YOUR GOAL:
Retype nothing except the lines below from the one with "Schéma montrant où" through the one with "New Attack on", exactly, with images left out.

BEGIN DATA IN THIS EXERCISE

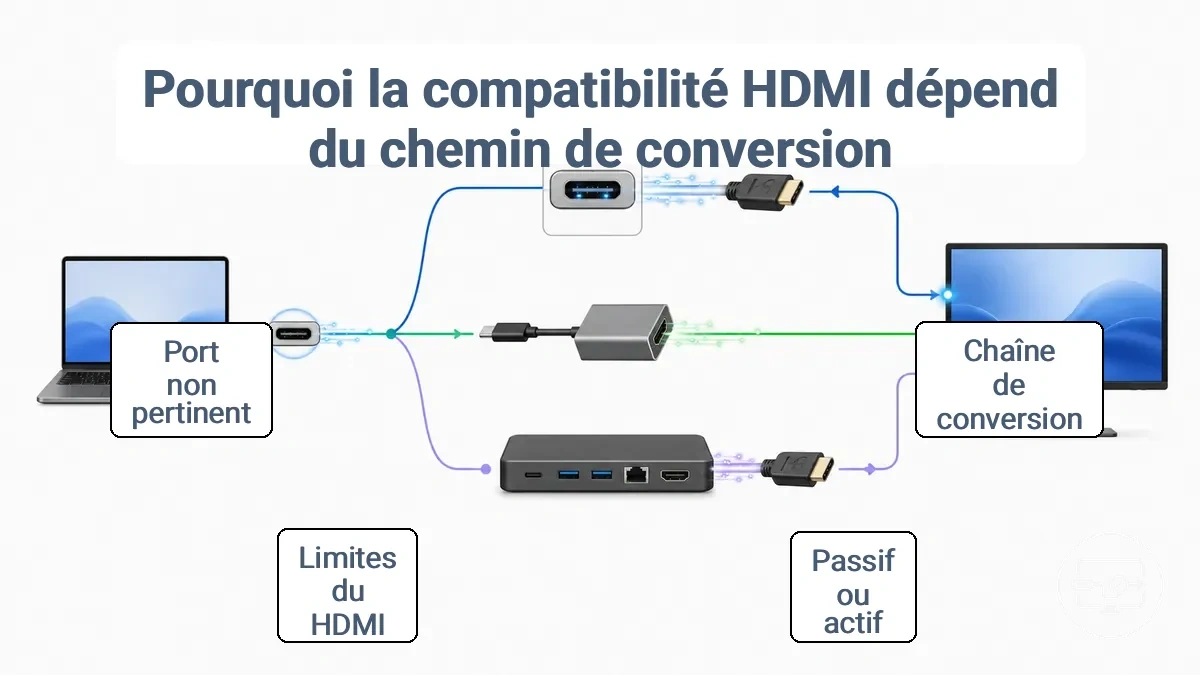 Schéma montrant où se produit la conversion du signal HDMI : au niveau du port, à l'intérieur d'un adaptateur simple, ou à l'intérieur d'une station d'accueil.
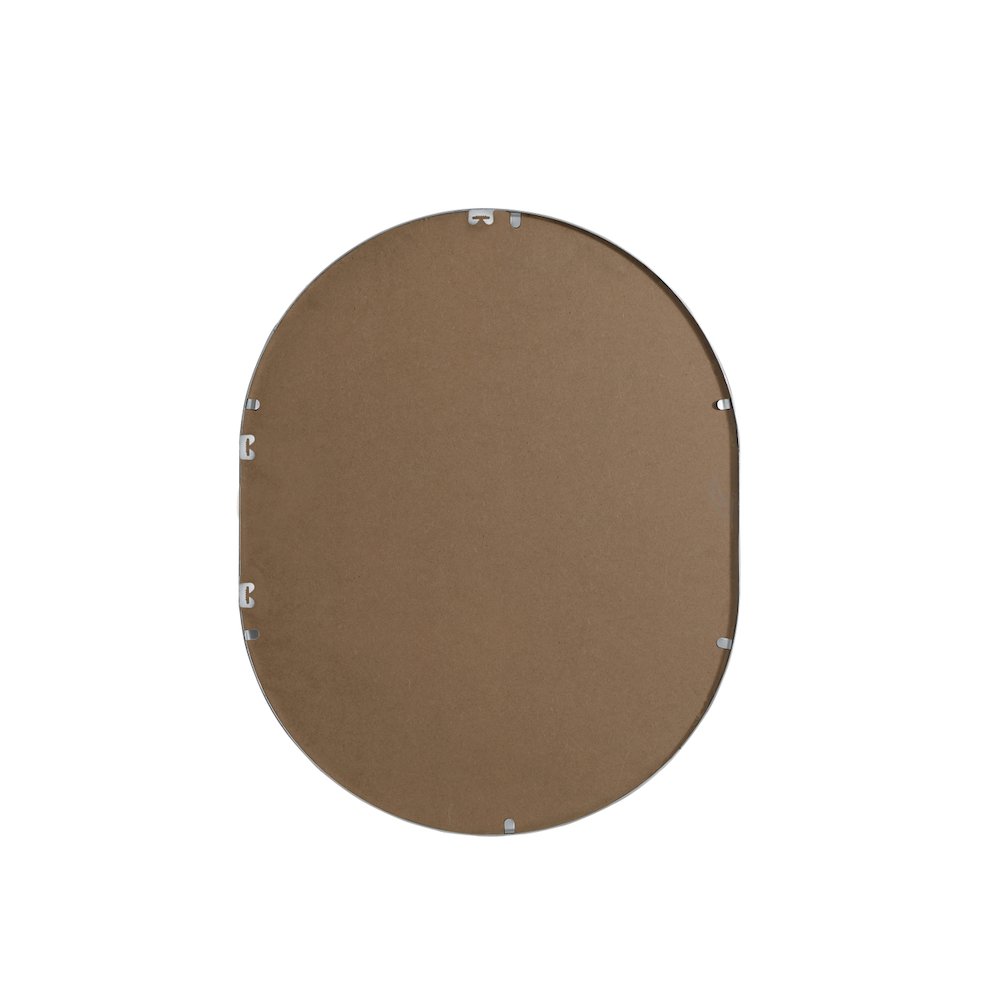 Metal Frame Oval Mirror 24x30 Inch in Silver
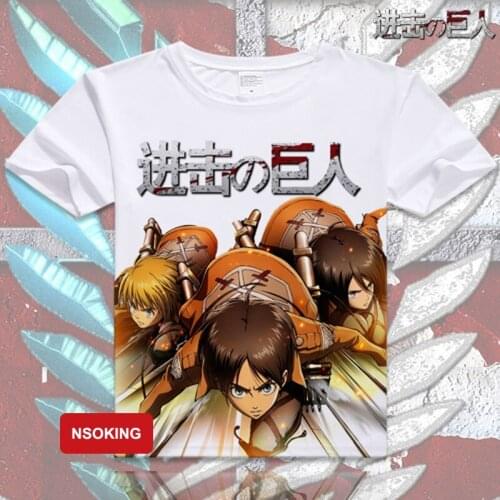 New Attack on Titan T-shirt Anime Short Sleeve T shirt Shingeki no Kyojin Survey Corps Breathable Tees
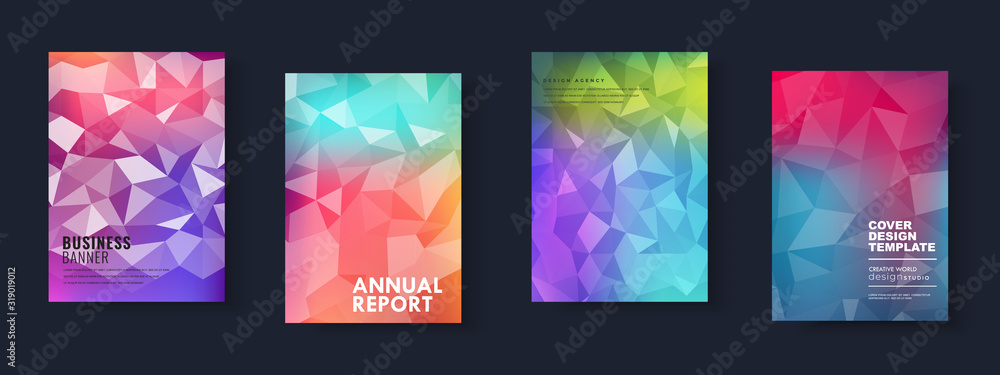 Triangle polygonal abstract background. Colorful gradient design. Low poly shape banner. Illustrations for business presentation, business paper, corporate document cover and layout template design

END DATA IN THIS EXERCISE
BEGIN DATA IN THIS EXERCISE

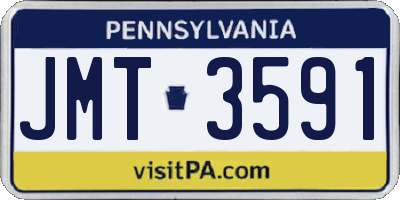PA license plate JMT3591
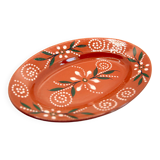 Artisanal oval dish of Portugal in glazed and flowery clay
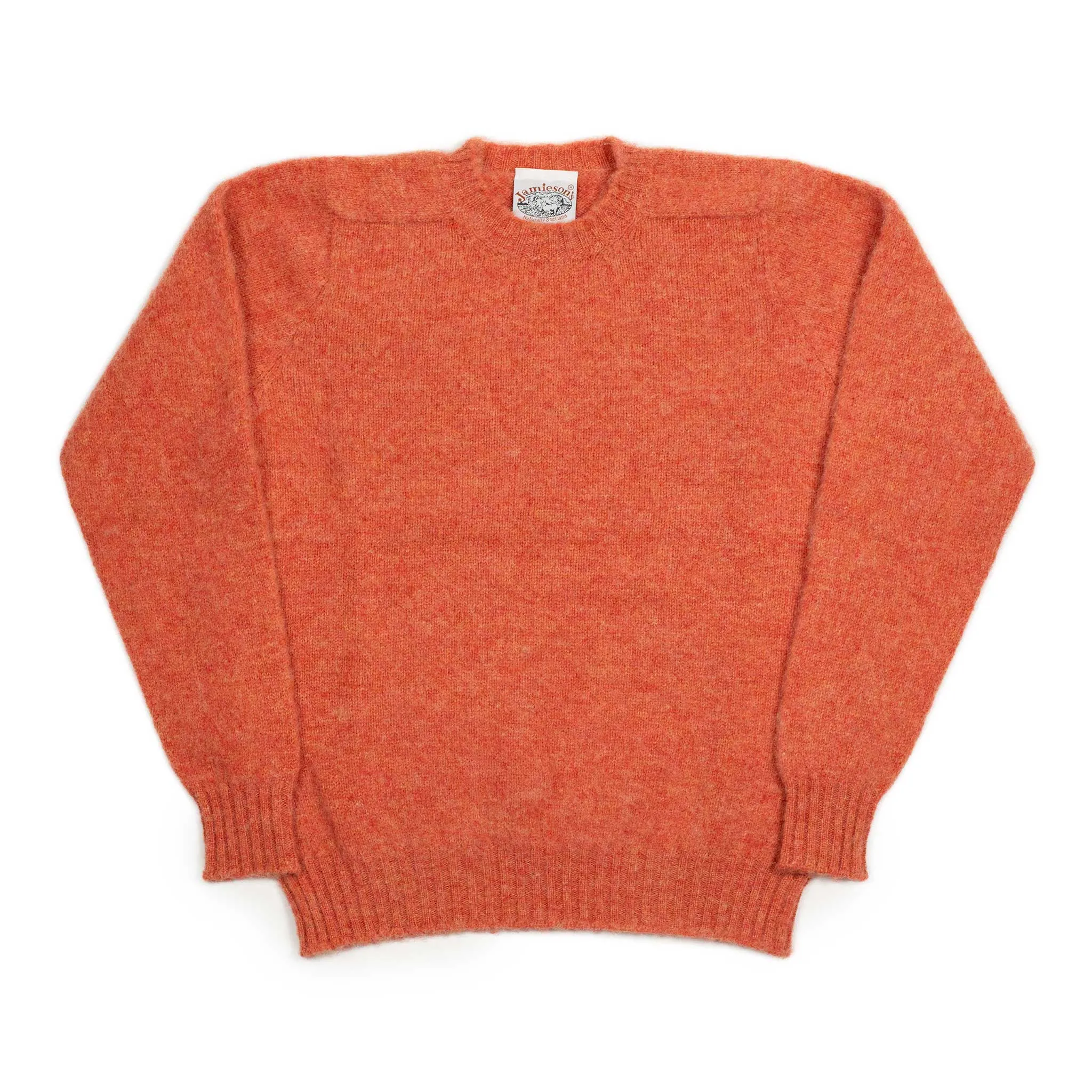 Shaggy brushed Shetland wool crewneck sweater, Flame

END DATA IN THIS EXERCISE

THE COMPLETED TASK:
 Schéma montrant où se produit la conversion du signal HDMI : au niveau du port, à l'intérieur d'un adaptateur simple, ou à l'intérieur d'une station d'accueil.
 Metal Frame Oval Mirror 24x30 Inch in Silver
 New Attack on Titan T-shirt Anime Short Sleeve T shirt Shingeki no Kyojin Survey Corps Breathable Tees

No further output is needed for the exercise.